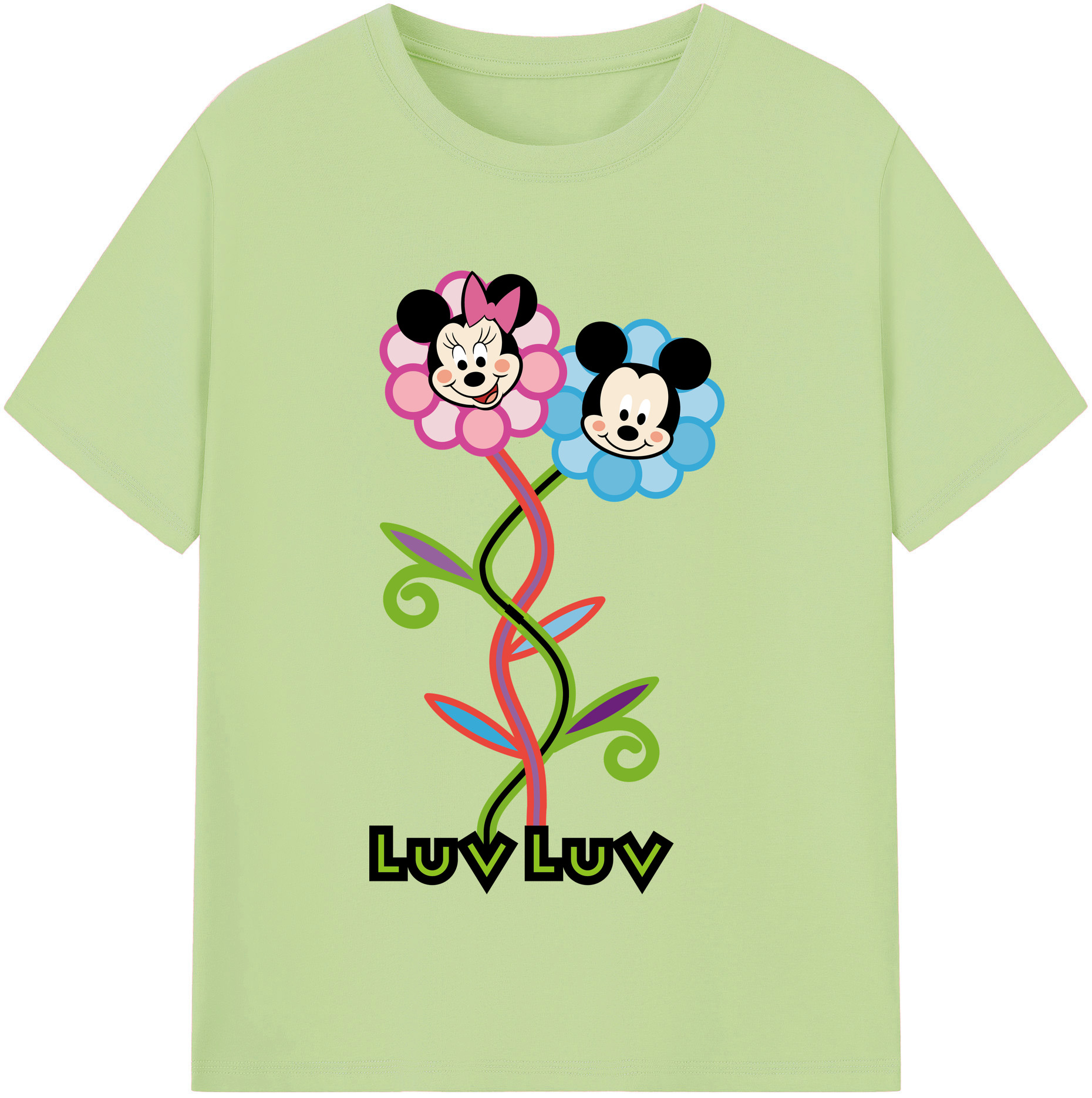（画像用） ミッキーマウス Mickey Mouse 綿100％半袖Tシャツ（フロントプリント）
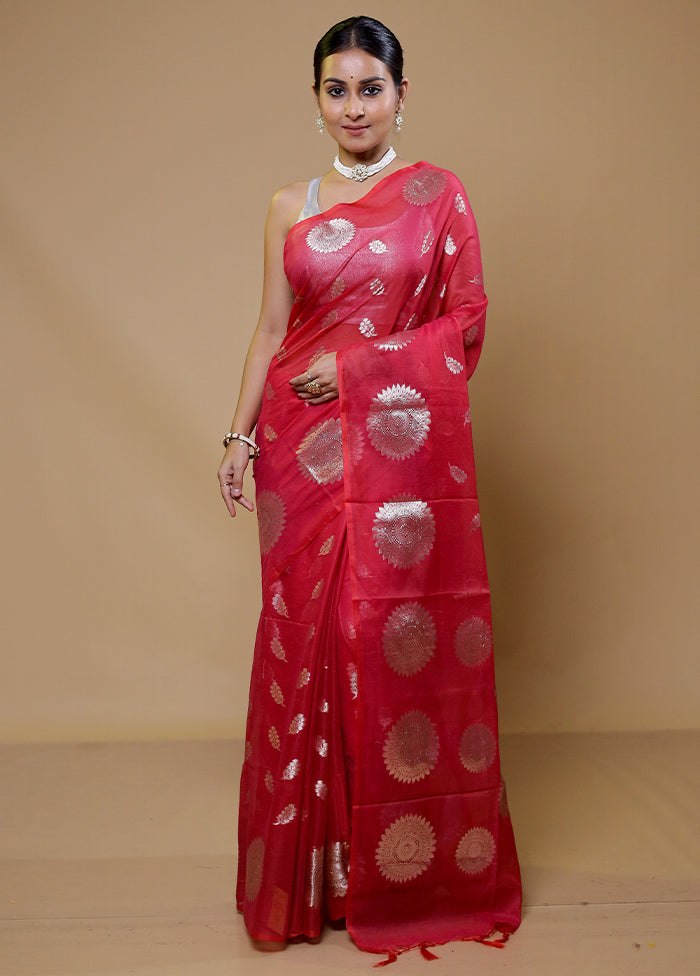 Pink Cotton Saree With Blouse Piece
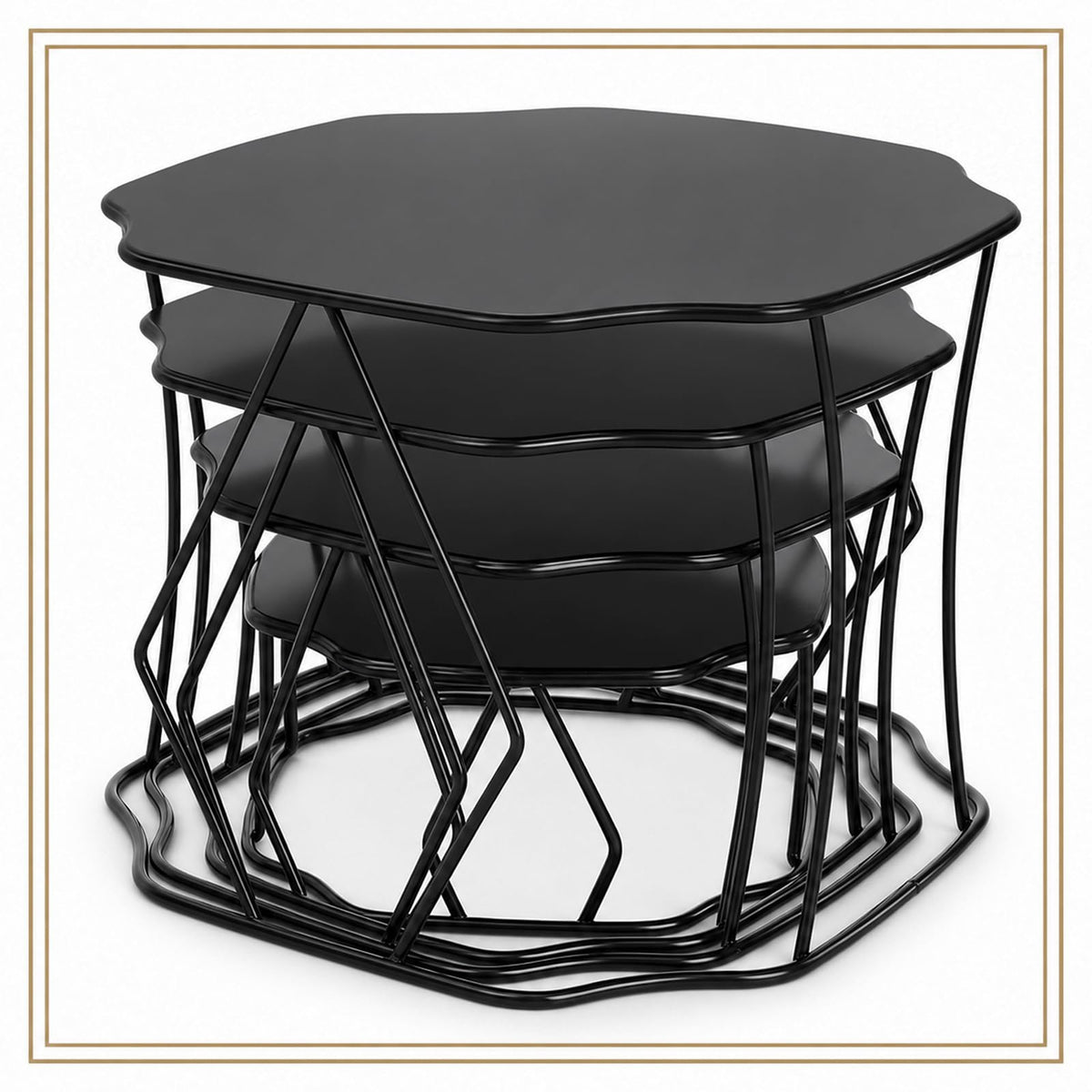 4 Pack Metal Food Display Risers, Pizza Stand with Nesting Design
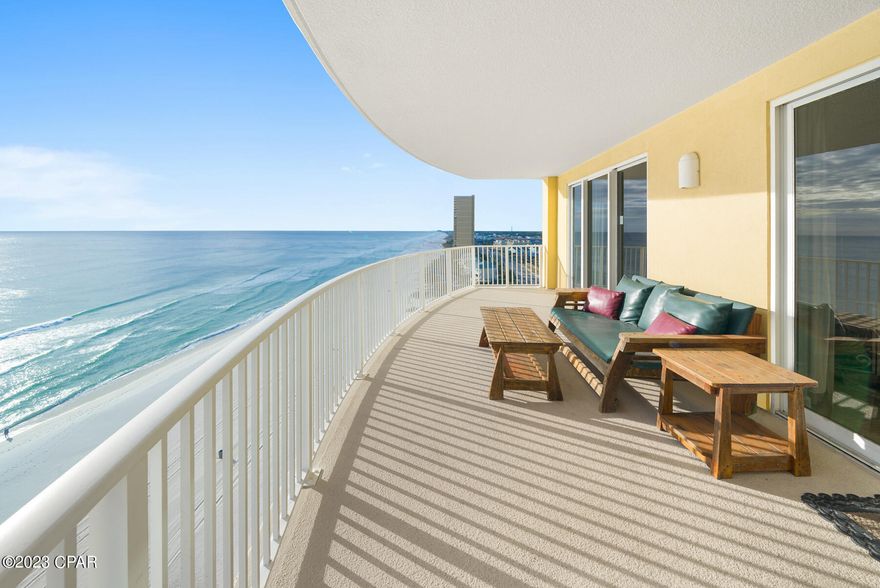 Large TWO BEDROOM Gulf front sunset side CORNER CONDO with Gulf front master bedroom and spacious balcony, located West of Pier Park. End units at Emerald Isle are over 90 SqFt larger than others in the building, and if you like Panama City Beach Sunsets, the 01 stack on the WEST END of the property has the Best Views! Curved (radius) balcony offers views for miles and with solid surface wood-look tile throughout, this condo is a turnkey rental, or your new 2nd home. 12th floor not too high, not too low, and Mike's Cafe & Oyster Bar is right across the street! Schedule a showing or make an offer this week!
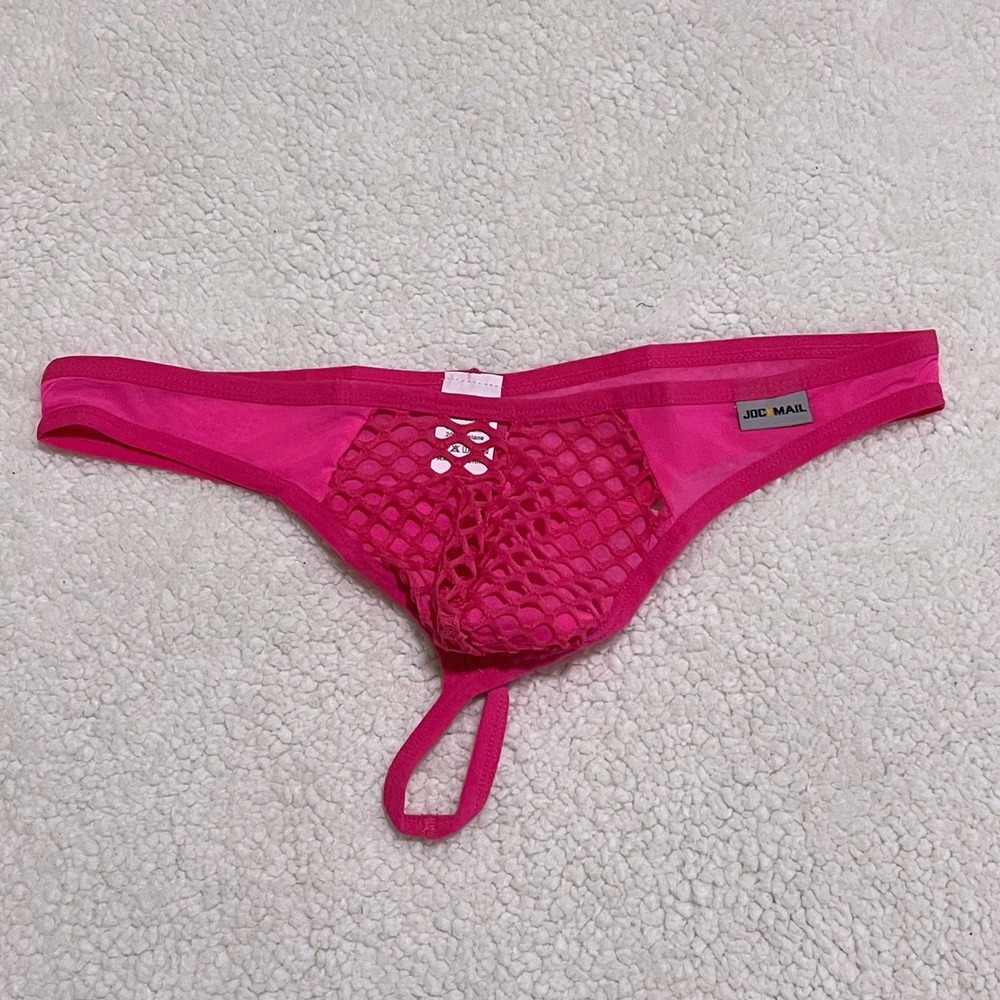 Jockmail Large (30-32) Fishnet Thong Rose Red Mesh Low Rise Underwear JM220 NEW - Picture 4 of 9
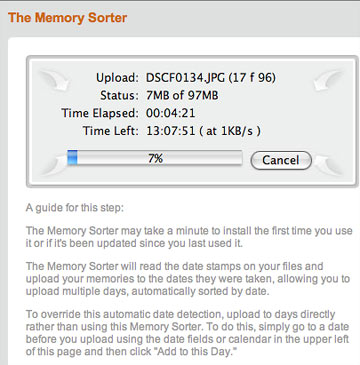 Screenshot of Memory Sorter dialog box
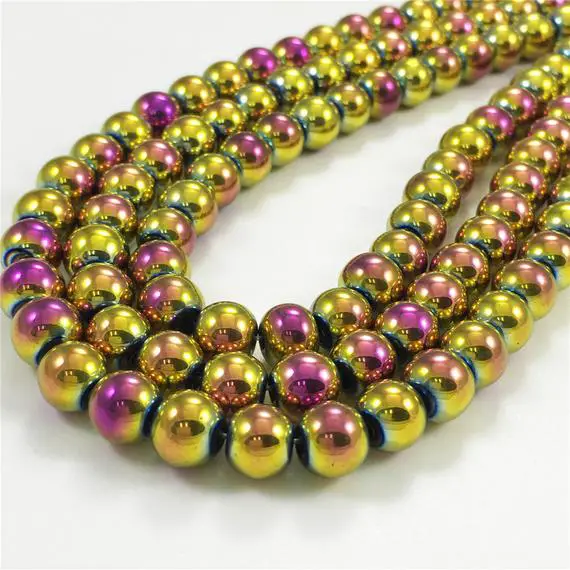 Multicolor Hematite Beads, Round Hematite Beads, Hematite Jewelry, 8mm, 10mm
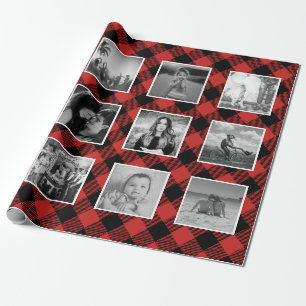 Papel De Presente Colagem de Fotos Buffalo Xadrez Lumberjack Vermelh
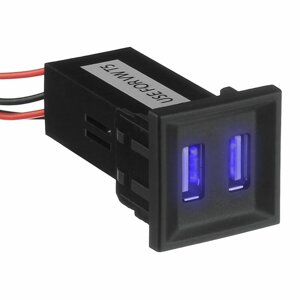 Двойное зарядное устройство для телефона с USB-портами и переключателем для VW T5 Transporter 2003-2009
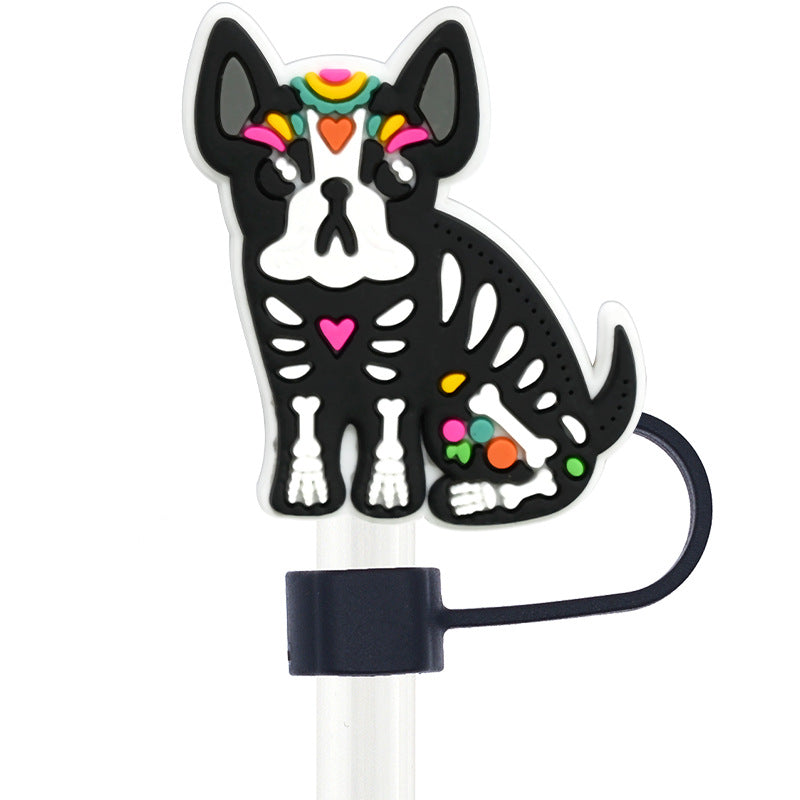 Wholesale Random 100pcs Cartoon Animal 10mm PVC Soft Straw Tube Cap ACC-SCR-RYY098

• **Instructions to follow**:
Please write out exactly, and only, the lines from the beginning of the entries through the line containing "Papel De Presente", including both and skipping all pictures.

• **Answer space**:
（画像用） ミッキーマウス Mickey Mouse 綿100％半袖Tシャツ（フロントプリント）
 Pink Cotton Saree With Blouse Piece
 4 Pack Metal Food Display Risers, Pizza Stand with Nesting Design
 Large TWO BEDROOM Gulf front sunset side CORNER CONDO with Gulf front master bedroom and spacious balcony, located West of Pier Park. End units at Emerald Isle are over 90 SqFt larger than others in the building, and if you like Panama City Beach Sunsets, the 01 stack on the WEST END of the property has the Best Views! Curved (radius) balcony offers views for miles and with solid surface wood-look tile throughout, this condo is a turnkey rental, or your new 2nd home. 12th floor not too high, not too low, and Mike's Cafe & Oyster Bar is right across the street! Schedule a showing or make an offer this week!
 Jockmail Large (30-32) Fishnet Thong Rose Red Mesh Low Rise Underwear JM220 NEW - Picture 4 of 9
 Screenshot of Memory Sorter dialog box
 Multicolor Hematite Beads, Round Hematite Beads, Hematite Jewelry, 8mm, 10mm
 Papel De Presente Colagem de Fotos Buffalo Xadrez Lumberjack Vermelh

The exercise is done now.